Elvino de Carvalho Mendonça. Editor-Chefe da WebAdvocacy. Doutor em economia pela UNB e Ex-conselheiro do CADE.

Requisitar dados não é suficiente para a proteção da privacidade. É preciso tratar a assimetria de informação.

Elvino de Carvalho Mendonça & Rachel Pinheiro de Andrade Mendonça

A disruptura digital pelo qual passa o mundo não tem sido sem dor. As “maravilhas” da tecnologia materializadas nos smartphones cobram o seu preço e esse preço é o ataque frontal a privacidade e a liberdade do ser humano.

Estas pequenas “maravilhas” transferem dados pessoais a cada acesso ou transação para as Big techs, que, a partir de infinitos acessos e/ou transações realizadas por cada detentor de smartphone, são capazes de construir bases de dados gigantescas com informações pessoais as mais variadas possíveis e em um nível de detalhe tão pequeno quanto se possa imaginar.

O passo seguinte é a utilização destas informações pela empresa para fazer negócios sem o consentimento do ser humano, na medida em que captam, armazenam, classificam, precificam e alienam os comportamentos, pensamentos e sentimentos de cada ser humano sob o manto de um “capitalismo de vigilância”, cujos reais interessados nesse grande mercado de predição de comportamentos futuros são as empresas de marketing e publicidade e o real valor desse modelo de negócios não são mais os usuários e sim os seus comportamentos, pensamentos e sentimentos.

Segundo Shoshana Zuboff:

“o capitalismo de vigilância reivindica de maneira unilateral a experiência humana como matéria-prima gratuita para a tradução em dados comportamentais. Embora alguns desses dados sejam aplicados para o aprimoramento de produtos e serviços, o restante é declarado como superávit comportamental do proprietário, alimentando avançados processos de fabricação conhecidos como “inteligência de máquina” e manufaturado em produtos de predição que antecipam o que um determinado indivíduo faria agora, daqui a pouco e mais tarde. Por fim, esses produtos de predições são comercializados num novo tipo de mercado para predições comportamentais que chamo de mercados de comportamentos futuros. Os capitalistas de vigilância têm acumulado uma riqueza enorme a partir dessas operações comerciais, uma vez que muitas companhias estão ávidas para apostar no nosso comportamento futuro.” [1]

Prossegue a Autora Shoshana Zuboff aduzindo que,

“[p]or enquanto, digamos que os usuários não são produtos, e sim que são  as fontes de suprimento de matéria-prima.” [2]

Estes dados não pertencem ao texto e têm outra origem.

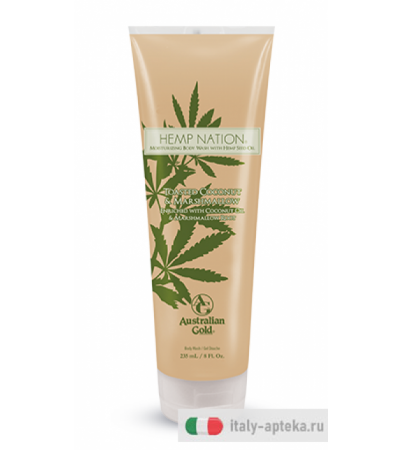 Australian Gold Hemp Nation Toasted Coconut & Marshmallow bagno-doccia che mantiene l'abbronzatura 235ml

 No entanto, o que é ainda mais grave é a utilização destas informações para atuar em um nível abaixo da consciência humana, fazendo com que o ser humano seja induzido/manipulado digitalmente a consumir não o que deseja, mas sim aquilo que a empresa deseja. Neste ponto, vale citar Byung-Chul Han que, parafraseando Walter Benjamin, aduz ao inconsciente óptico a seguinte estrutura:

“Os pensamentos de Benjamin sobre o inconsciente óptico podem ser transpostos ao regime da informação. Big Data e inteligência artificial constituem uma lupa digital que explora o inconsciente, oculto ao próprio agente, atrás do espaço da ação consciente. Em analogia ao consciente óptico, podemos chamá-lo de inconsciente digital. O Big Data e a Inteligência Artificial levam o regime de informação a um lugar em que é capaz de influenciar nosso comportamento em um nível que fica embaixo do liminar da consciência.”[3]

A proteção de dados no Brasil se encontra tratada na Lei Geral de Propriedade de Dados (LGPD)[4], diploma legal que dispõe sobre o tratamento de dados pessoais, inclusive nos meios digitais, por pessoa natural ou por pessoa jurídica de direito público ou privado, com o objetivo de proteger os direitos fundamentais de liberdade e de privacidade e o livre desenvolvimento da personalidade da pessoa natural (art. 1º) e que cria a Autoridade Nacional de Proteção de Dados (ANPD), autarquia de natureza especial, dotada de autonomia técnica e decisória, com patrimônio próprio e com sede e foro no Distrito Federal (art. 55-A).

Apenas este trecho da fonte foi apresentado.